Es kommt auch auf die Haltung der Lehrer an
Auch bei seinem Sohn auf der Waldorfschule, die ansonsten nicht für ihre Computer-Affinität bekannt sei, funktioniere der Online-Unterricht. Über Verbindungsprobleme und schlechtes Internet könne er ebenfalls nicht klagen, und das obwohl sich gerade bei der Waldorfschule die Wohnorte der Kinder über den ganzen Landkreis verteilen.
Aus den Schilderungen mehrerer Eltern wird deutlich, dass es auch darauf ankommt, wie die Lehrer mit der außergewöhnlichen Situation umgehen.
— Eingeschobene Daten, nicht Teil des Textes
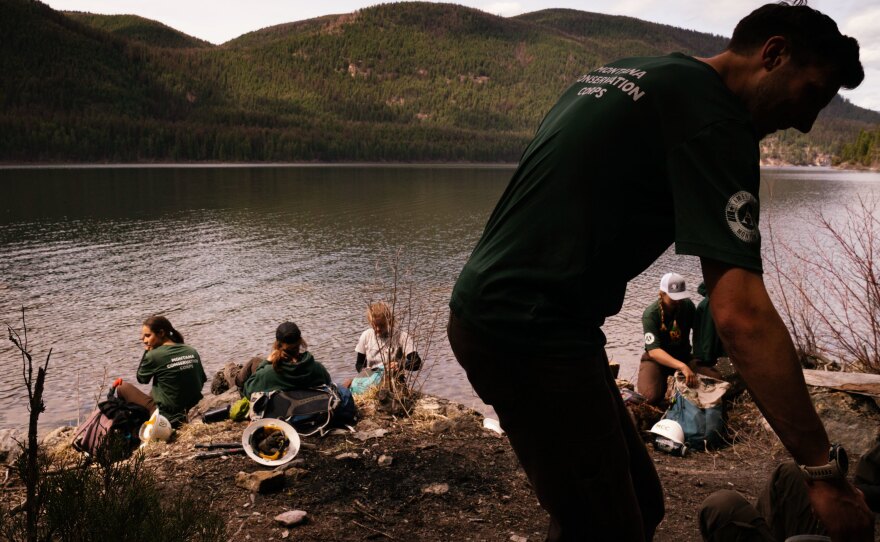 The Montana Conservation Corps crew breaks for lunch while spending the day working on trails near Tally Lake.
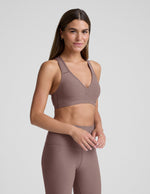 Woman wearing a brown sports bra and leggings on a light gray background.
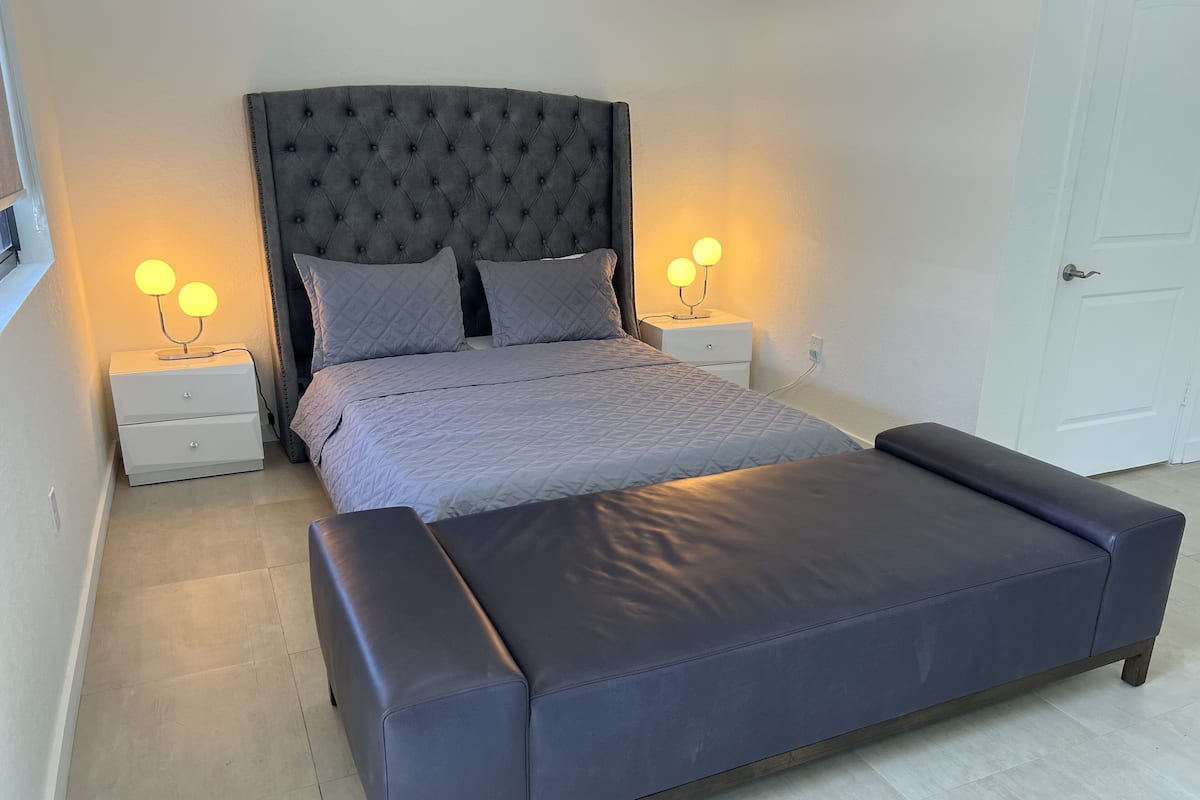A bedroom with a bed, two bedside tables, a bench, and two wall-mounted lamps.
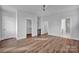 Main bedroom with hardwood floors and walk-in closet at 207 Davidson Gateway Dr, Davidson, NC 28036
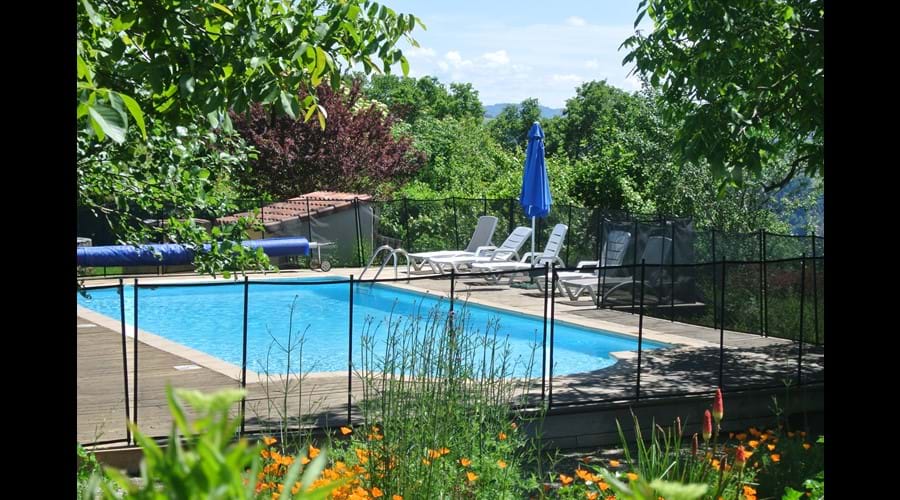 Heated pool and gardens at La Caze Gites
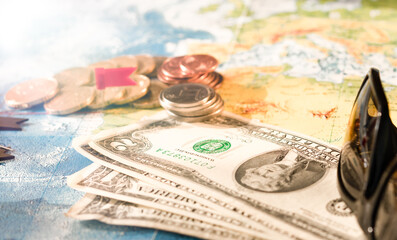 Map with pins marking a travel route. Different travel accessories - money, coins, sunglasses. Selective focus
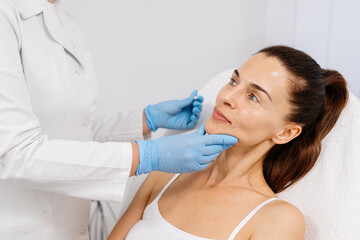 Close-up. Before the procedure for facial contouring or plastic surgery, the cosmetologist makes...
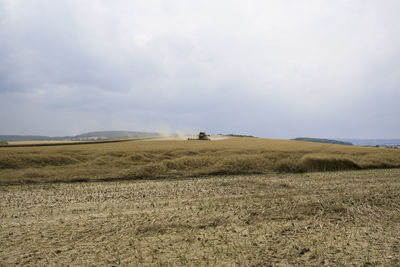 View of agricultural fields against cloudy sky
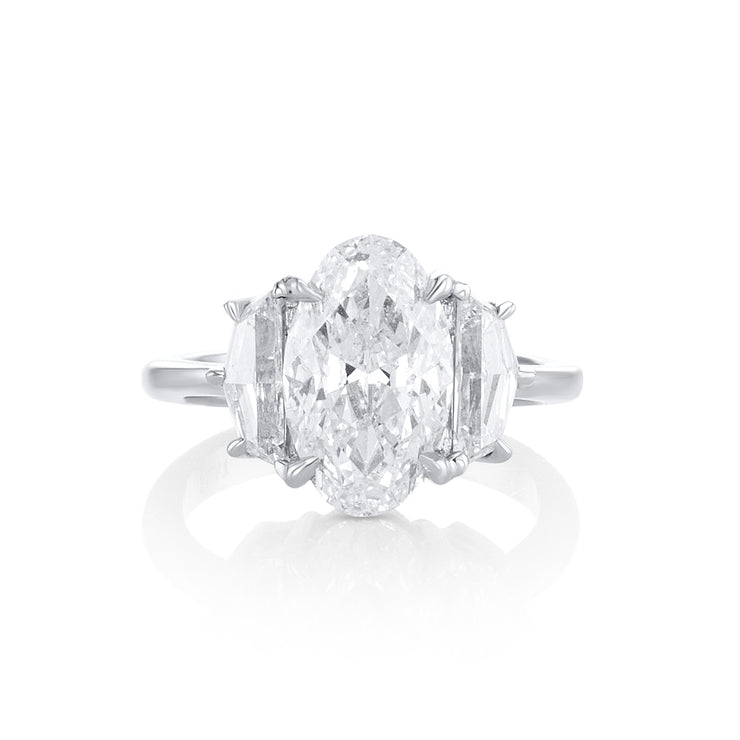 3.00 Carat Oval Diamond and Cadillac Three-Stone Ring GIA Certified set in Platinum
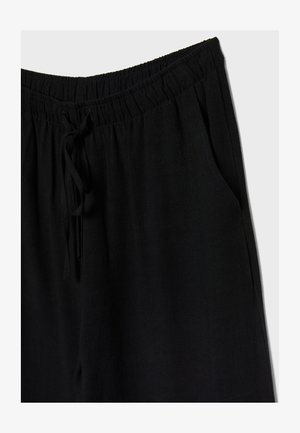 Schwarze Hose mit elastischem Bund und Kordelzug, bietet eine lockere Passform und Seitentaschen. Das Material wirkt weich und leicht.
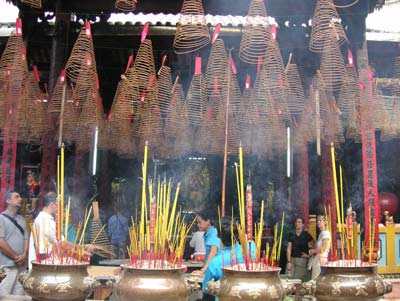 Incense for sale at a market in Vietnam.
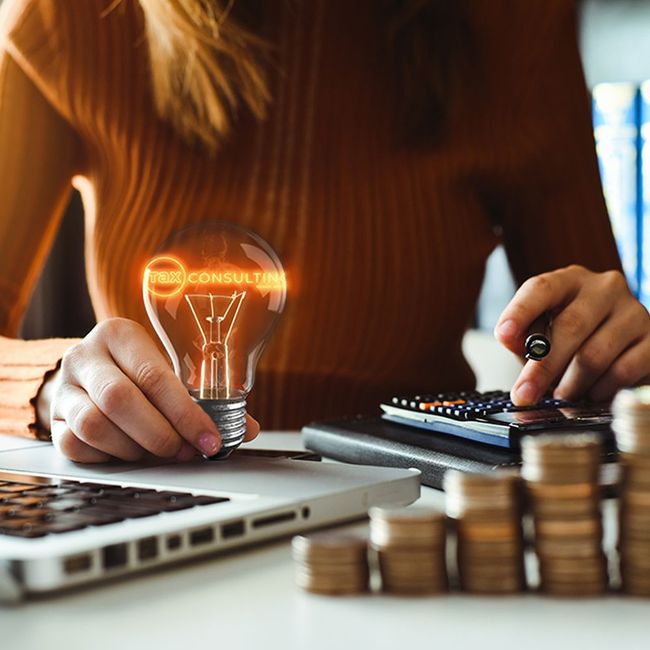 Woman holding lightbulb with 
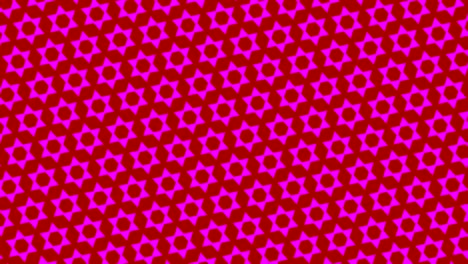 patrón gráfico que cambia rápidamente de color a medida que gira en el sentido de las agujas del reloj y luego en el sentido contrario, creando un efecto hipnótico y estroboscópico.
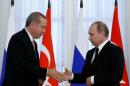 Russian President Putin shakes hands with Turkish President Erdogan during news conference following their meeting in St. Petersburg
So berichtet die von uns befragte Mutter von einer schlechten Erfahrung, die sie gemacht hat: Üblicherweise erledigen die Kinder ihre Aufgaben handschriftlich, anschließend werden die Blätter abfotografiert und in digitaler Form zum Korrigieren an die Lehrer geschickt. Doch ein Lehrer habe anfangs darauf bestanden, dass die Aufgaben nicht fotografiert, sondern die ausgefüllten Aufgaben in den Postkasten der Schule geworfen werden, was für die Eltern einen zusätzlichen Aufwand bedeutet. So habe der Lehrer sie zu einer eher unüblichen Zeit angerufen und extrem unhöflich "angeranzt, warum die Sachen nicht da sind".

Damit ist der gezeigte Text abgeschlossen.